The global head of BNP Paribas Investment Partners, whose decision to freeze three of the firm’s investment funds in August 2007 is considered a defining moment in the global credit crunch, has died at the age of 44.
Gilles Glicenstein, chief executive of BNP’s investment management arm, passed away on Wednesday, April 22 after months of a “courageous fight against illness”, according to a statement on the firm’s website.
“During the past 10 years, Gilles has built up a global multi-specialist asset manager group dedicated to respond to client’s needs in all circumstances and the management and employees of BNP Paribas Investment Partners are determined to continue in this direction and realise his vision,” the statement said.
For the time being, Glicenstein’s responsibilities will be assumed by Jacques d’Estais, member of BNP Paribas Group executive committee and head of investment solutions, aided by Philippe Marchessaux and Pascal Biville, deputy CEOs of BNP Paribas Investment Partners.
Having joined BNP Group in 1994, Glicenstein was made head of BNP Paribas Asset Management (now BNP Paribas Investment Partners) in 1999, and took on the role of CEO in June 2005. From 1996 to 1999, he held the role of executive vice-president of BNP Gestions.
Glicenstein’s decision to suspend redemptions from three BNP funds exposed to asset-backed securities made headlines around the globe, and the
US equity markets subsequently fell sharply.

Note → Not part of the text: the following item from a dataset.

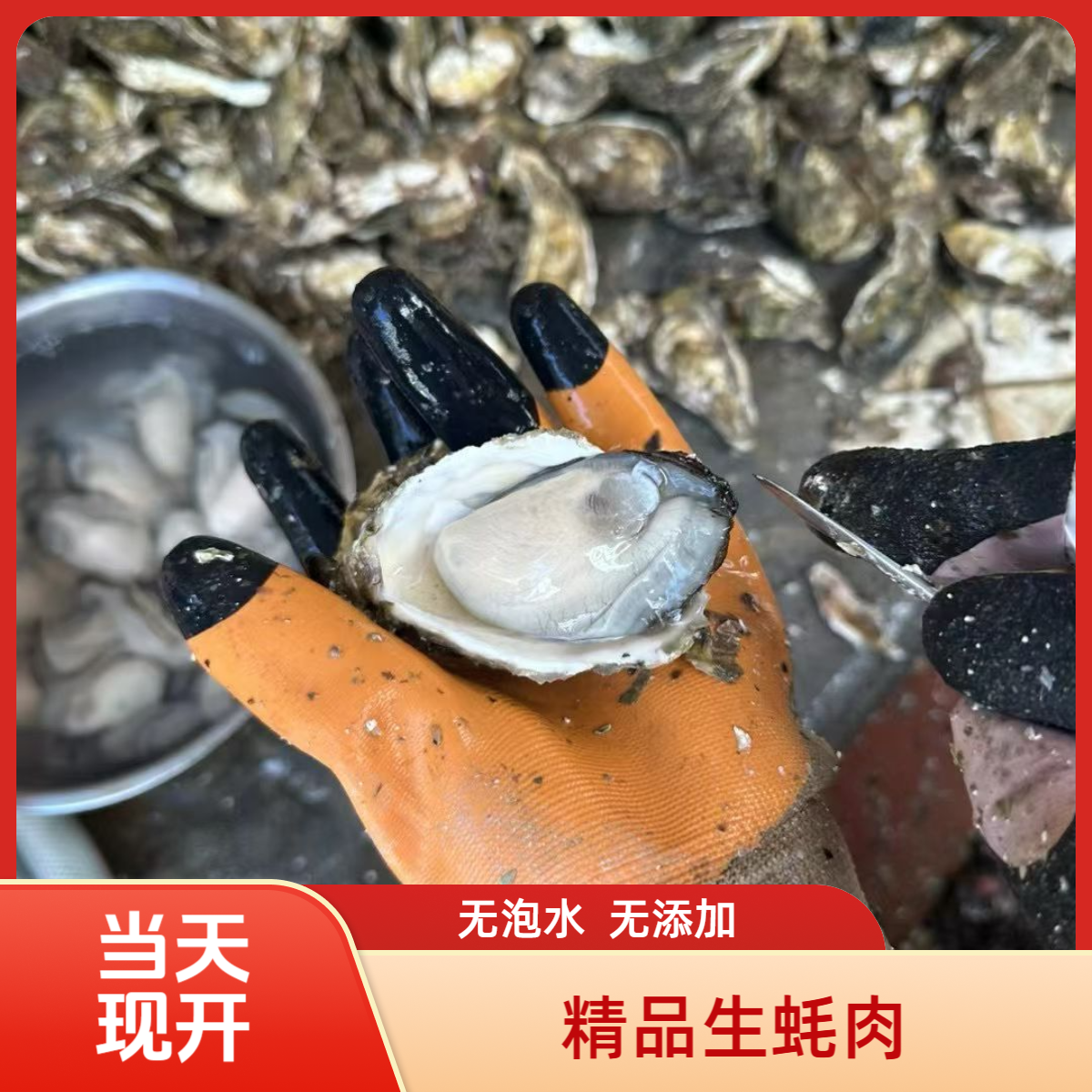 现开精品生蚝肉 去壳牡蛎肉 烧烤蚝烙 冷藏保存 广东顺丰包邮一斤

At the time, BNP said it had frozen redemptions because the “complete evaporation of liquidity in certain market segments of the US securitisation market has made it impossible to value certain assets fairly regardless of their quality or credit rating”.
That same day, on August 9, central banks agreed to inject billions of capital into the interbank lending market in an attempt to put the brakes on the credit crunch.